**WHAT YOU NEED TO DO**:
Apart from the pictures, print the data below exactly as given.

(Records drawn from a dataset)
--------------------

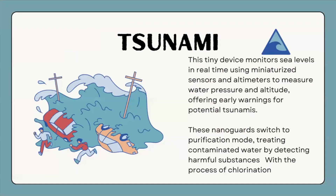Imagine a tsunami response nanobot. These tiny devices monitor sea levels in real time, using mini sensors and altimeters to measure water pressure and altitude, offering early warnings for potential tsunamis. These nanobots also switch to purification mode, treating contaminated water by detecting harmful substances through the process of chlorination.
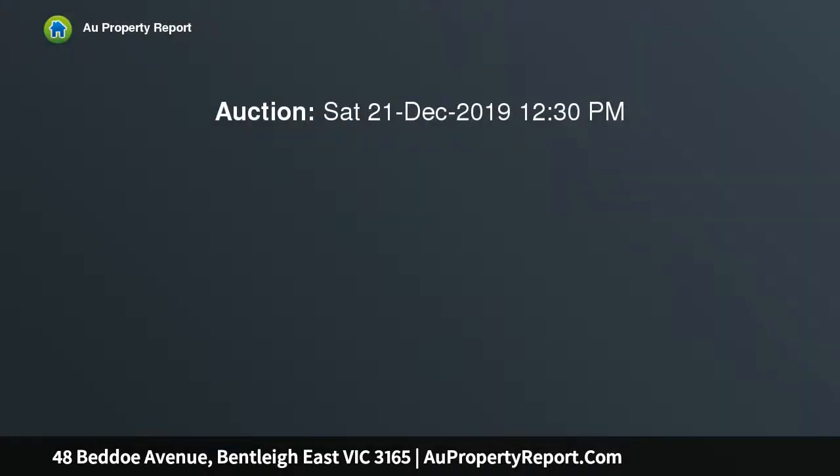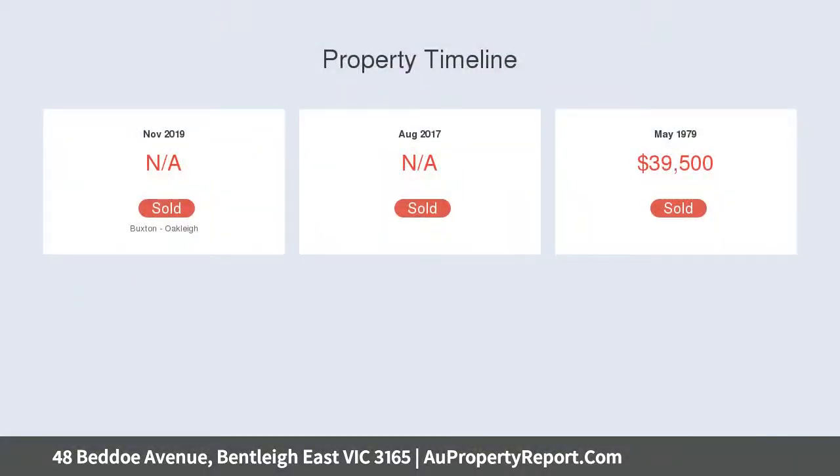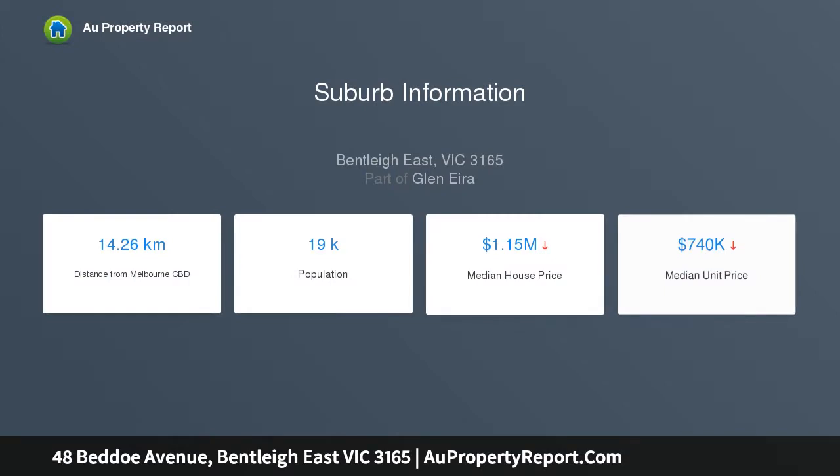Surrounded by parks, schools and shopping precincts in the heart of the Coatesville Primary School catchment, this four-bedroom, two-bathroom home has flexible family flair with a formal lounge adaptable as a fifth bedroom, a bath family zone beyond dining and a dedicated study space, starring a hidden ensuite behind mirrored robes in the master plus an updated vanity for the well-designed main bathroom.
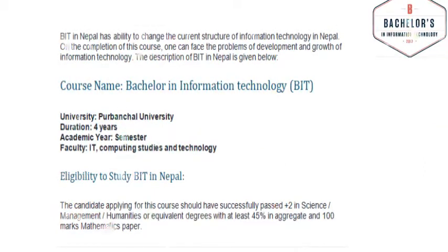BIT in Nepal has the ability to change the current structure of information technology in Nepal. On the completion of this course, one can face the problems of development and growth of information technology.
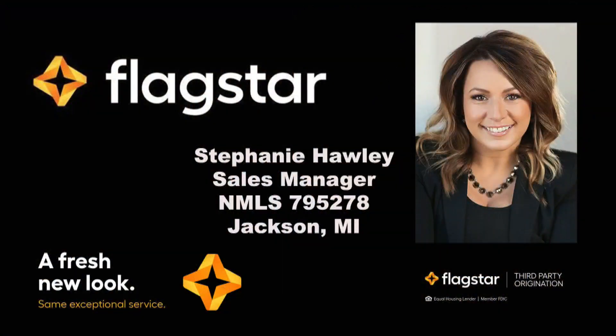Today sponsored by the mortgage department at Flagstar Bank. Stephanie and her team at Flagstar offering great service whether you're buying, financing, or refinancing. Get started first with Flagstar.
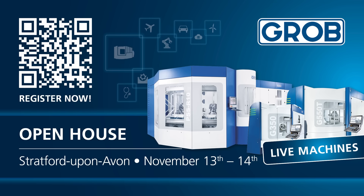And here's a little secret — you will find automation that's only been found behind closed doors in the UK until now. If you want to find out more, come down to the GROB UK Open House on November 13th and 14th. Make sure you register today.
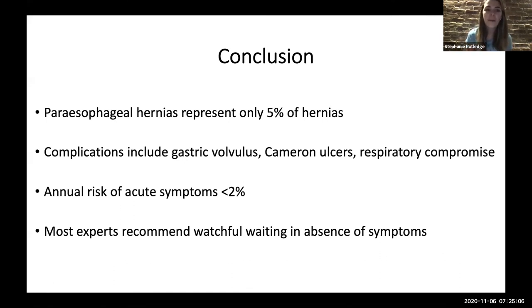In conclusion: parasophageal hernias are rare — only 5% of hernias. Most hernias we see are sliding hiatal hernias. Complications include volvulus, Cameron lesions, respiratory compromise, and — as seen in this case — food impaction. The risk of developing acute symptoms is less than 2%. Given this, most experts recommend watchful waiting in the absence of symptoms for any patient with a parasophageal hernia.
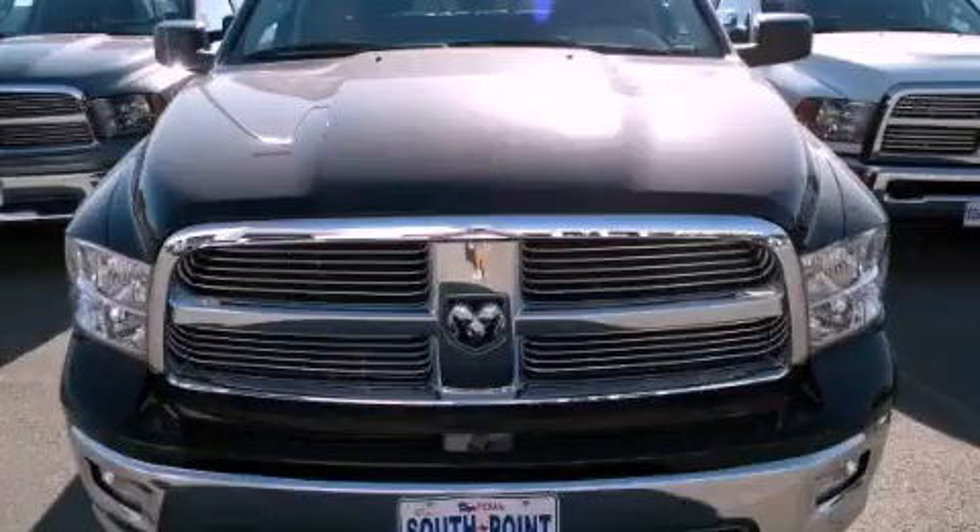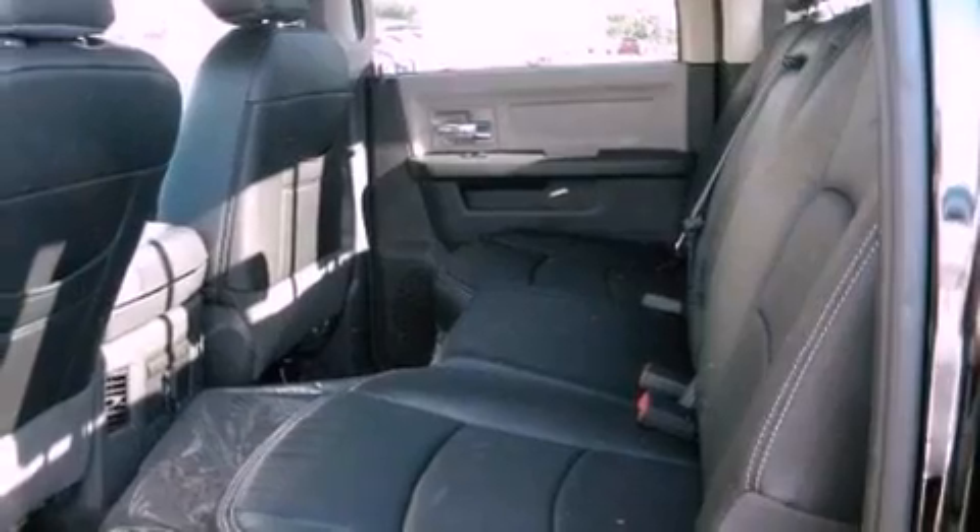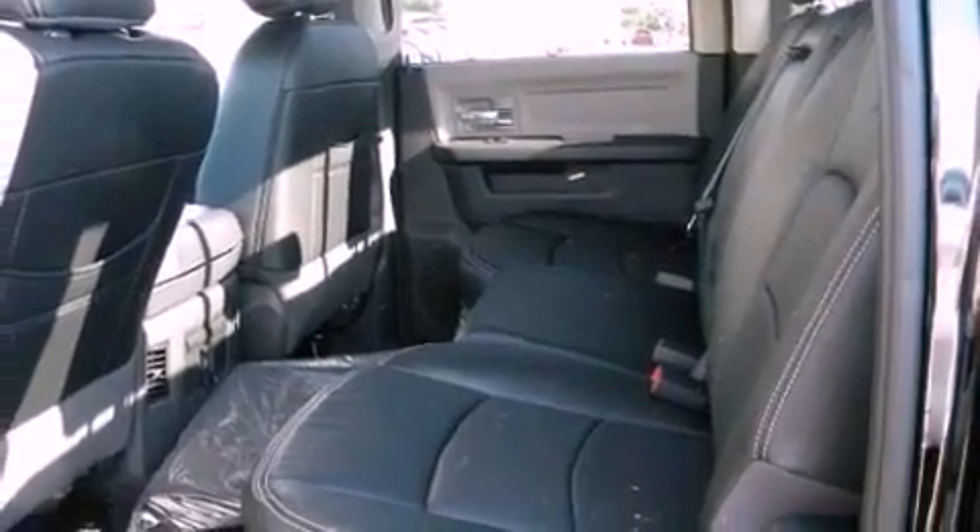This is a brand new 2012 Ram 1500. It has a 5.7 liter 8-cylinder engine and an automatic transmission.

--------------------

**EXERCISE RESULT**:
Imagine a tsunami response nanobot. These tiny devices monitor sea levels in real time, using mini sensors and altimeters to measure water pressure and altitude, offering early warnings for potential tsunamis. These nanobots also switch to purification mode, treating contaminated water by detecting harmful substances through the process of chlorination.
Surrounded by parks, schools and shopping precincts in the heart of the Coatesville Primary School catchment, this four-bedroom, two-bathroom home has flexible family flair with a formal lounge adaptable as a fifth bedroom, a bath family zone beyond dining and a dedicated study space, starring a hidden ensuite behind mirrored robes in the master plus an updated vanity for the well-designed main bathroom.
BIT in Nepal has the ability to change the current structure of information technology in Nepal. On the completion of this course, one can face the problems of development and growth of information technology.
Today sponsored by the mortgage department at Flagstar Bank. Stephanie and her team at Flagstar offering great service whether you're buying, financing, or refinancing. Get started first with Flagstar.
And here's a little secret — you will find automation that's only been found behind closed doors in the UK until now. If you want to find out more, come down to the GROB UK Open House on November 13th and 14th. Make sure you register today.
In conclusion: parasophageal hernias are rare — only 5% of hernias. Most hernias we see are sliding hiatal hernias. Complications include volvulus, Cameron lesions, respiratory compromise, and — as seen in this case — food impaction. The risk of developing acute symptoms is less than 2%. Given this, most experts recommend watchful waiting in the absence of symptoms for any patient with a parasophageal hernia.
This is a brand new 2012 Ram 1500. It has a 5.7 liter 8-cylinder engine and an automatic transmission.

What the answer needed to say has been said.